With much attention focused on the high street at present, a new and important item of economic news may go unnoticed: British manufacturing seems to be on the mend.

There is no doubt that factories are buzzing again. In November the Chartered Institute of Purchasing and Supply purchasing managers’ index rose at its fastest rate since December 1999, to 54.5, where a score of 50 distinguishes expansion from contraction. This index has continued to accelerate over the past five months, and the new-order index is rising at its strongest rate for nearly four years, driven by both domestic and foreign demand.

Output rose by 1% during the month, although the yearly increase in the latest three months was just 0.4%. Among timber product manufacturers the picture remains mixed: output from sawmills rose 0.4% annually in the latest three months, while veneer sheet and plywood fell 4.1%, but carpentry and joinery rose 0.6%. Output of kitchen furniture was up 8.7%, but other furniture fell 5.6%.

Capital investment by manufacturers dropped by 5.6% in volume during the third quarter and by 11.8% over the year, say government statisticians.

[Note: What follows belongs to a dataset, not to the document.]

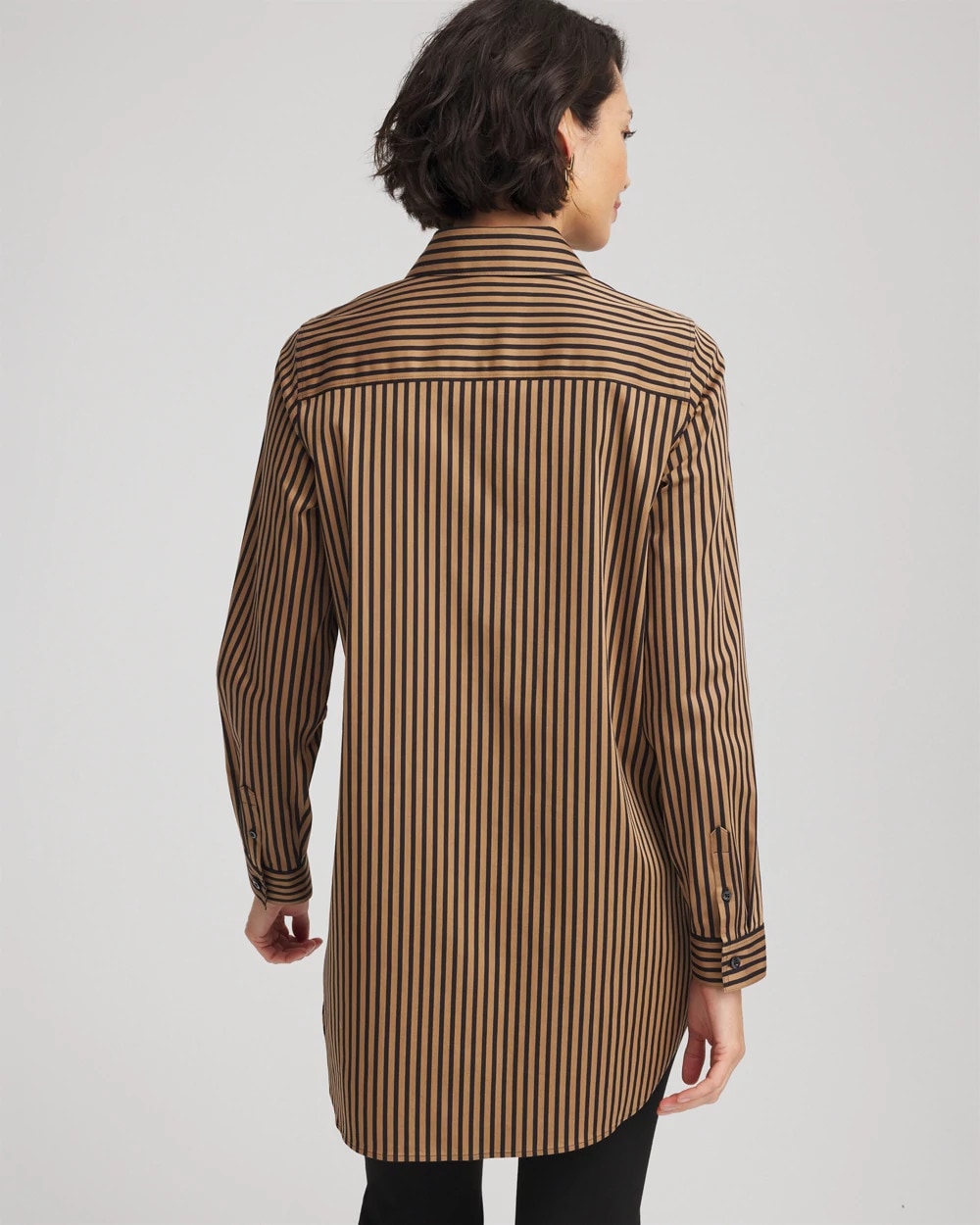 Chico's Women | No Iron™ Slimming Imperial Stripe Tunic BLACK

Stock levels of finished goods have been run down to a level last seen in August 2002, according to a CBI survey. The next phase of the manufacturing recovery should bring an increase in both capital spending and stock building.

Consumer spending

But the fresh signs of life in manufacturing do not mean consumers have stopped spending, although outlays in the high street in the first half of November were disappointing, the CBI says. The month closed with 27% of furniture and carpet outlets reporting higher sales than in November 2002 – down from 34% in October but only 8% last November. However, the CBI says retailers are confident of a pick up in December and suggests volumes may be much higher than last Christmas. It adds that retailers are continuing to order more goods from suppliers and are optimistic that the business situation will improve over the coming three months.

Nonetheless, results of the latest survey of consumer confidence are none too bright. Martin Hamblin GfK says that after a peak in July followed by a three-month plateau, the index has dropped back to its lowest since the Iraq war. The fall is mainly due to a drop in optimism about the overall economic situation and to consumers’ views on whether it is the right time to make major purchases. It is now considered a much less favourable time to buy items such as furniture and household appliances as well as housing, than in October. This measure now stands at its lowest since December 2000, largely reflecting the Bank of England‘s quarter-point increase in interest rates and the perception that further rises are in the pipeline.

Taken with news from the Bank of England that the number of new mortgages granted in October fell to 117,000, from 120,000 the previous month, the drop in consumer optimism suggests that the slowdown in household spending needed to help re-balance the economy is on its way.

But the housing market will take time to respond and the construction purchasing managers’ index indicates that activity continued to expand in November. Growth in commercial work slowed slightly during the month, but civil engineering is increasing at the fastest pace since November 2002.

The cost of building materials rose sharply in November, says CIPS. The index is at an 11-month high and is accompanied by lengthening delivery schedules. Higher levels of activity in construction have also stimulated further growth in the workforce, although some firms are choosing to expand capacity by the use of sub-contractors.

Labour market

Signs of tightening in the labour market come from the Recruitment and Employment Confederation. It says demand for staff was at a 33-month high in November and skill shortages are now beginning to appear, putting upward pressure on pay.